**Problem to solve:** Because the pictures are not wanted, give back only the exact text of every entry below.

Supplied material below:

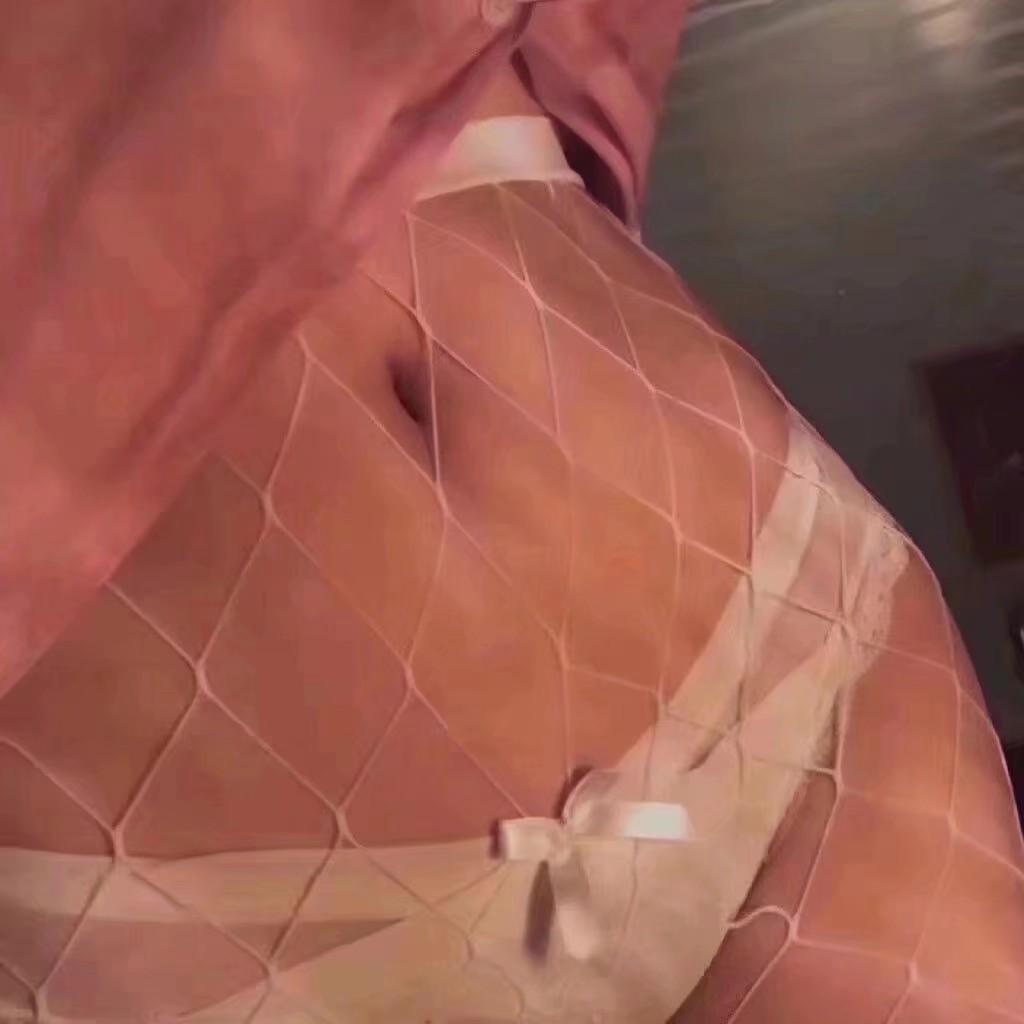 夫子庙娇小温柔型美女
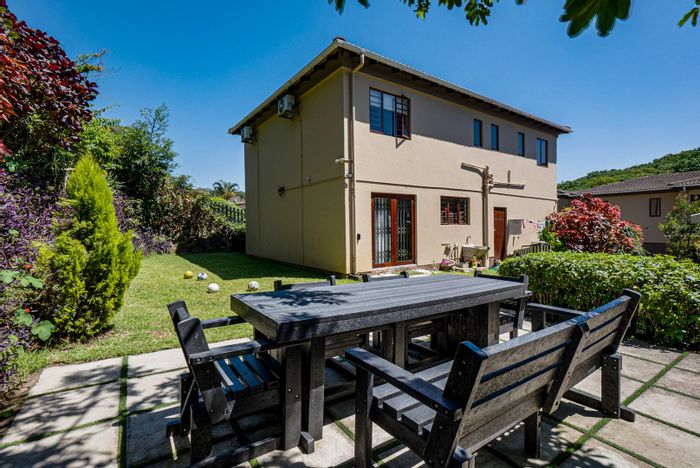 Amanzimtoti Townhouse For Sale: 3 Bedrooms, double garage, pet-friendly outdoor space.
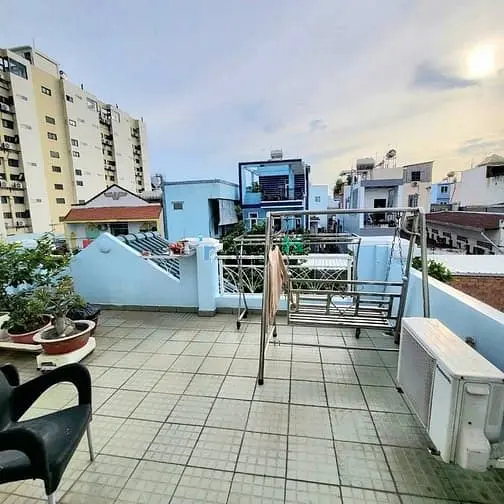 Bán Đất Tặng Biệt Thự Và 10 Phòng Trọ Cho Thuê, Shr, Nở Hậu, Gần 300M2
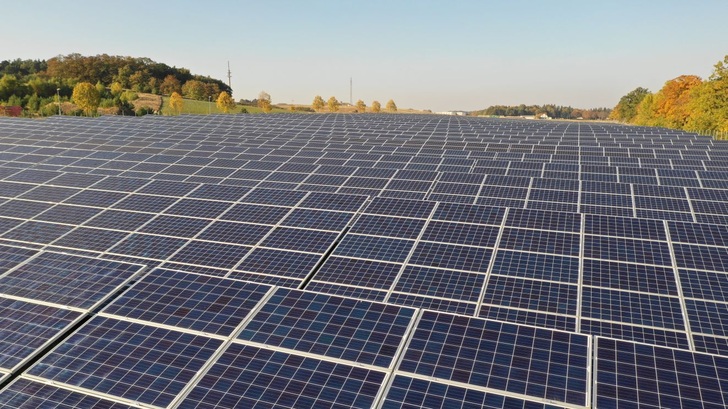 Im Juni 2018 ging der Solarpark in Wittstock in Betrieb. Schon im August des selben Jahres kam er ohne Marktprämie aus. - © Wattner
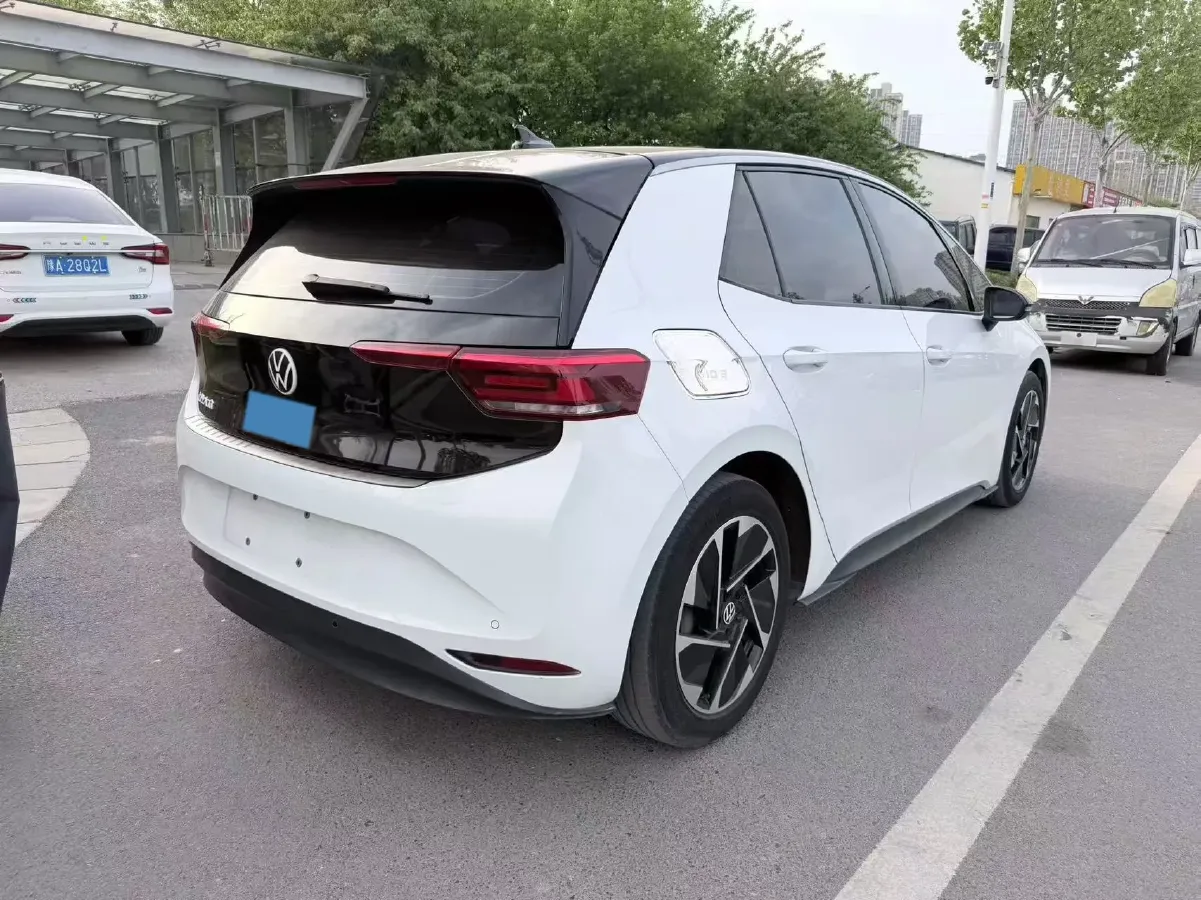 2024 Volkswagen ID.3 BEV 52.8KWH,autocango,china used car exporter,china ev exporter,chinese used car exporter,chinese used ev exporter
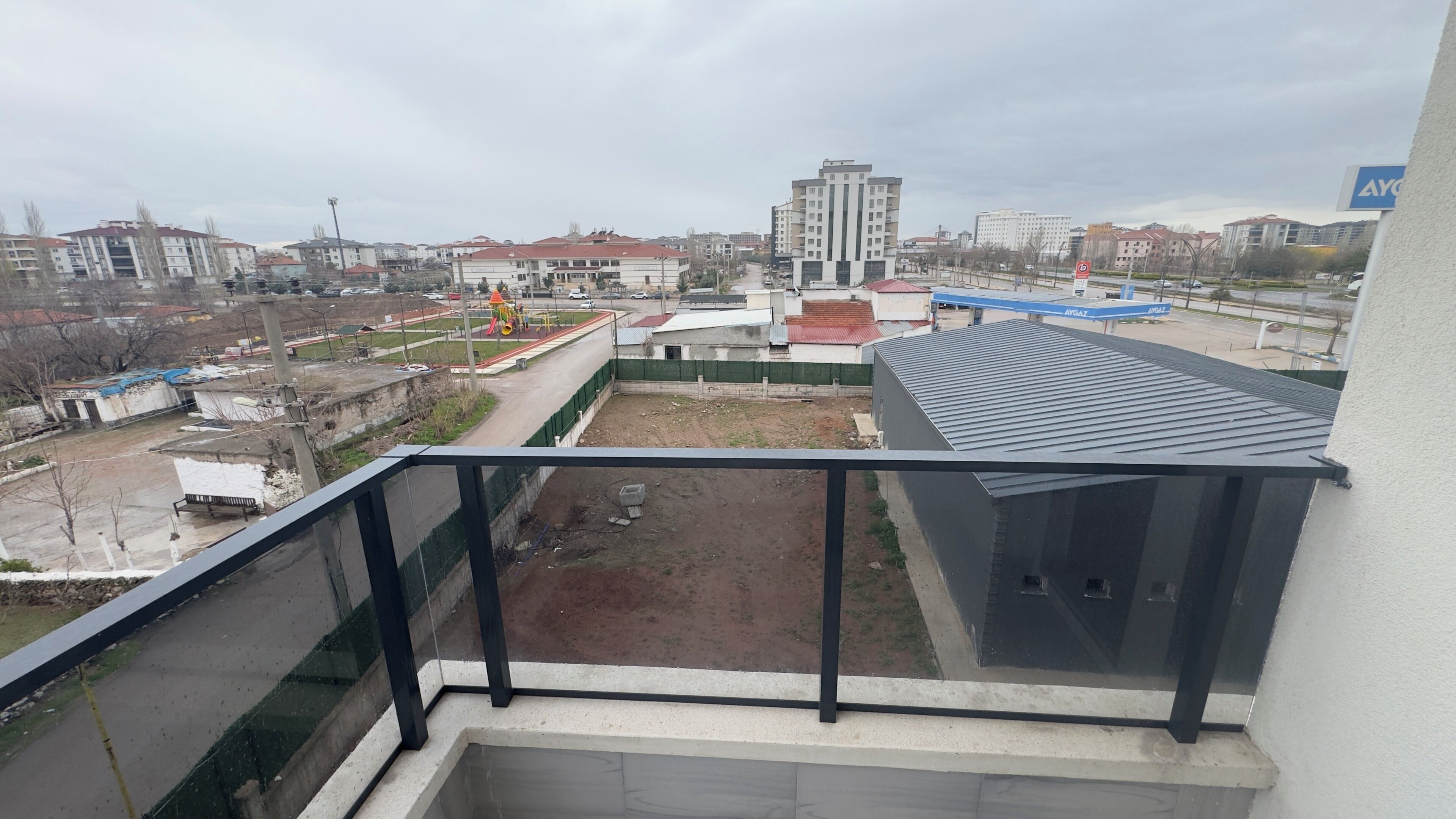 Tomannsrom – familie, balkong, byutsikt | Terrasse/patio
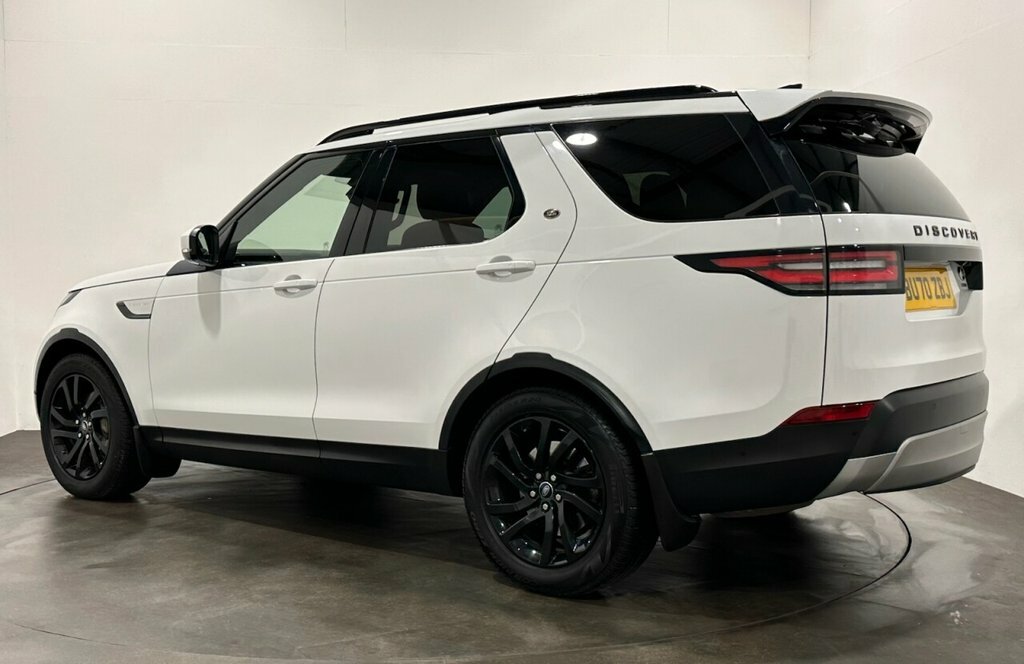 Land Rover Discovery 3L Hse White #3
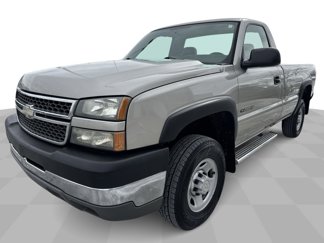 Used 2005 Chevrolet Silverado 2500 W/T image 1
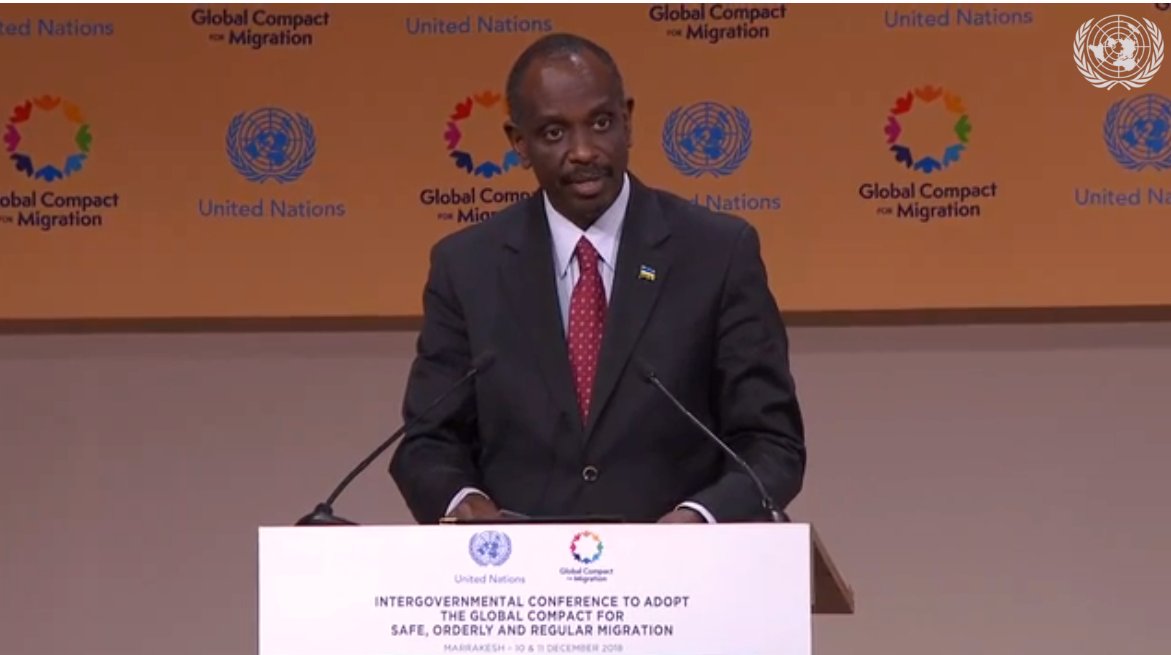 Minisitiri Sezibera ubwo yagezaga ijambo ku bitabiriye iyi nama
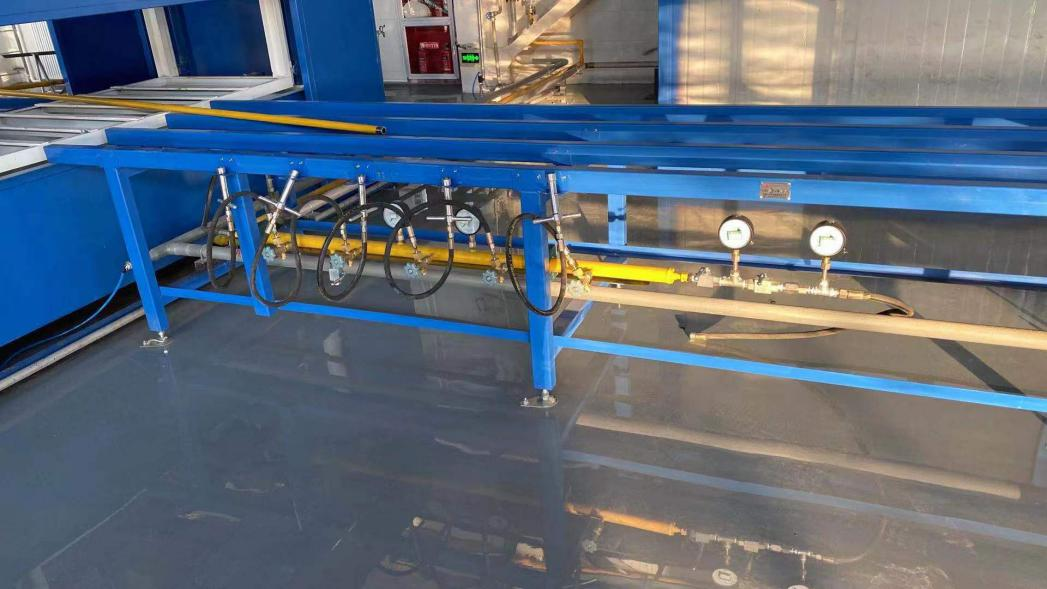 ABUIABAEGAAglPnqyAYoiO_xlQEwlwg4zQQ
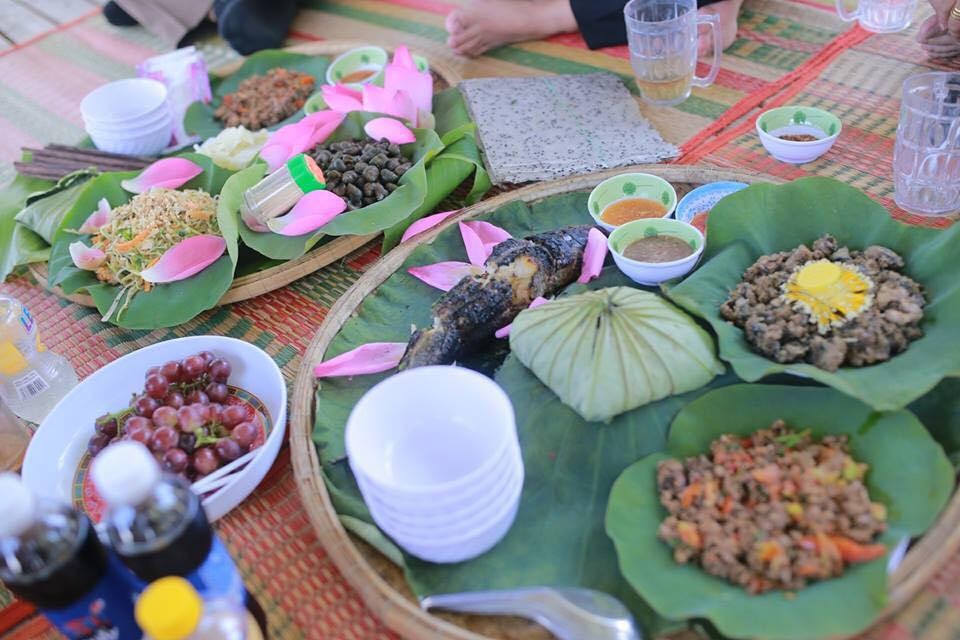 Khu Du Lịch Văn Hoá Sinh Thái Sen Caraih Mỹ Nghiệp (Ecotourism Destinations)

End of Supplied material.

**Solution to this exercise:**
 夫子庙娇小温柔型美女
 Amanzimtoti Townhouse For Sale: 3 Bedrooms, double garage, pet-friendly outdoor space.
 Bán Đất Tặng Biệt Thự Và 10 Phòng Trọ Cho Thuê, Shr, Nở Hậu, Gần 300M2
 Im Juni 2018 ging der Solarpark in Wittstock in Betrieb. Schon im August des selben Jahres kam er ohne Marktprämie aus. - © Wattner
 2024 Volkswagen ID.3 BEV 52.8KWH,autocango,china used car exporter,china ev exporter,chinese used car exporter,chinese used ev exporter
 Tomannsrom – familie, balkong, byutsikt | Terrasse/patio
 Land Rover Discovery 3L Hse White #3
 Used 2005 Chevrolet Silverado 2500 W/T image 1
 Minisitiri Sezibera ubwo yagezaga ijambo ku bitabiriye iyi nama
 ABUIABAEGAAglPnqyAYoiO_xlQEwlwg4zQQ
 Khu Du Lịch Văn Hoá Sinh Thái Sen Caraih Mỹ Nghiệp (Ecotourism Destinations)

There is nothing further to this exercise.